EU's GDPR Law Takes Affect: The Biggest Data Protection Laws Since The 1990s

25/05/2018

The General Data Protection Regulation (GDPR) from the EU is taking effect. The law poses major challenges for businesses and developers, but provide substantial new powers to consumers and users.

The EU laws on data protection and privacy takes affect on all individuals inside the European Union and the European Economic Area. Also addressing the export of personal data outside the EU and EEA, the GDPR's aim is to give more control to users over their personal data, and to simplify the regulatory environment for international business by unifying the regulation within the EU.

GDPR is regarded as the biggest data protection laws since then 1990s. It's a replacement to Data Protection Directive, EU's previous law governing data protection.

The regulation expands the scope of what companies must consider personal data.

It requires them to closely track the data they have stored on EU residents.

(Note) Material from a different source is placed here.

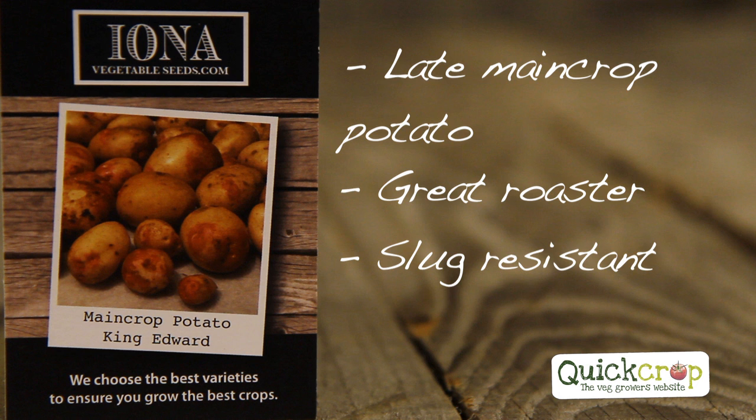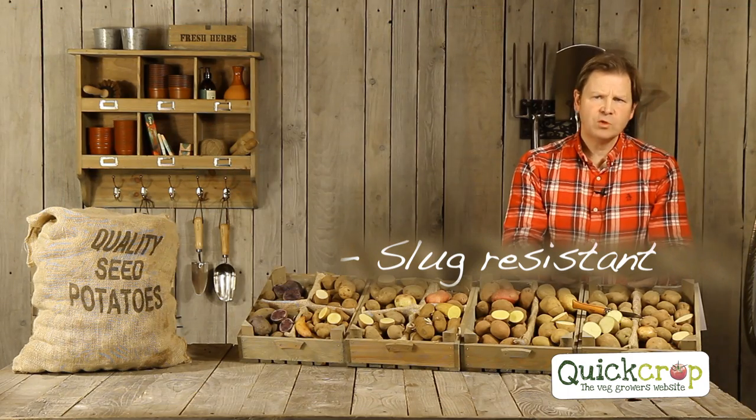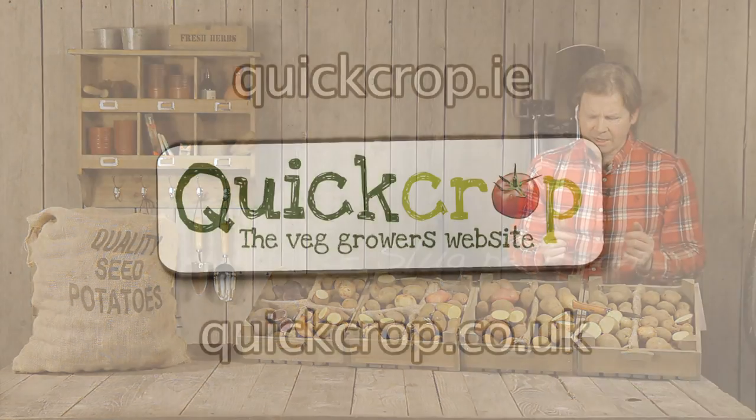That's why people use it at Christmas. It's quite a white creamy potato, but one of the great things about it is its slug resistance, which can be an issue with potatoes. So that's your King Edward.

If someone in the EU wants a company to delete his or her data, receive copies of their data, or correct an error in the data, those companies have to comply. EU residents can also object to specific ways companies are using their data.

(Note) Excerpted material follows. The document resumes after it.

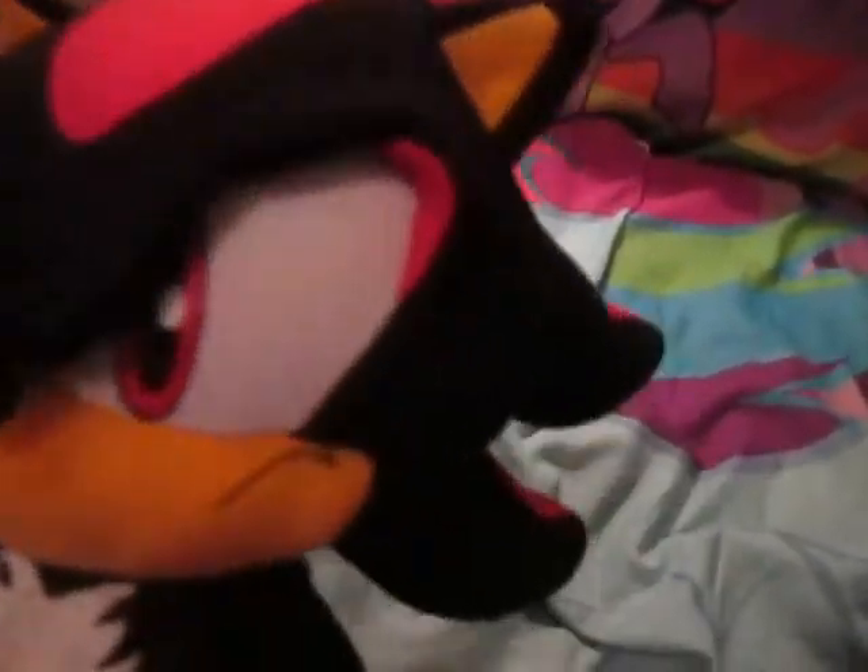Got a nice chest fur. Here's his tag, or what's left of it. His eyes are printed on, kind of like the rest of these GE plushies.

The law also requires companies to notify its EU users if data breach happened within 72 hours.

The regulation applies to a broad array of personal data.

This includes a person's name and government ID numbers. It also protects information that can show a person's activity on both online and in the real world. The data includes location information, IP addresses, cookies and other data that lets companies track users as they browse the internet.

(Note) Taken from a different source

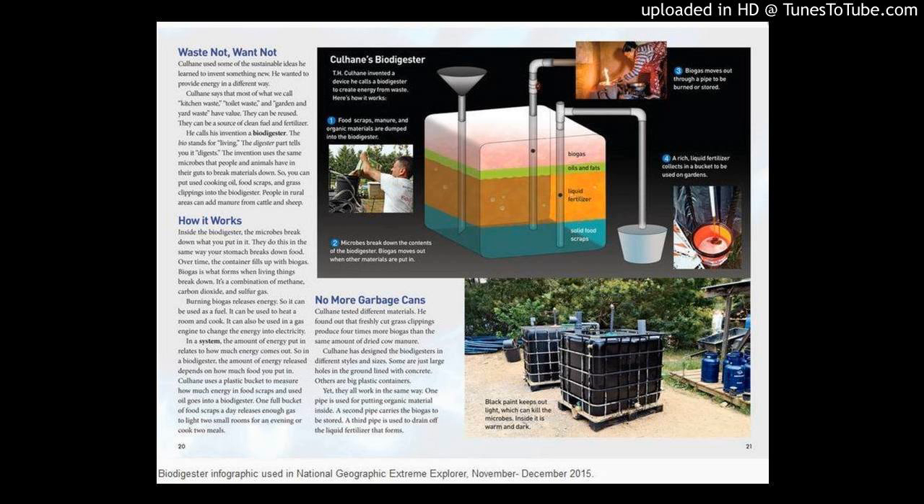Full STEAM ahead! Tell us how it's done! So check it out! First, you take your IBC tank and drill two holes in the top, diagonal from one another. The first one is a 4-inch hole for a 3-inch uniseal and a 3-inch pipe.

To meet the requirement of this law, many websites on the web are either shutting down their activities completely. others beg users to remain as their subscribers as the rule came into force on Friday, April 25th 2018.

Larger and more powerful companies force users to new terms of service. From Google to Facebook, Twitter and Oath, have all updated their terms to meet the EU's requirement.

The deadline to comply with the law has been extended for two years, ever since the European Parliament adopted it in April 2016. But since the Facebook's Cambridge Analytica scandal, privacy advocates in the EU found an example of why internet users might want more control over who can access their data.

The GDPR came up several times during CEO Mark Zuckerberg's testimony before the U.S. Congress in April, and it was a major focus when members of the European Parliament questioned Zuckerberg in Brussels.

"I think the GDPR in general is going to be a very positive step for the internet," said Zuckerberg.

And not just websites are affected by the rules. PC hardware makers and smarthome product manufacturers have also issued updates to their devices to meet the regulations.

There are also many other companies that are taking whatever it takes to meet the compliance, even if they must block all European users from accessing their servers.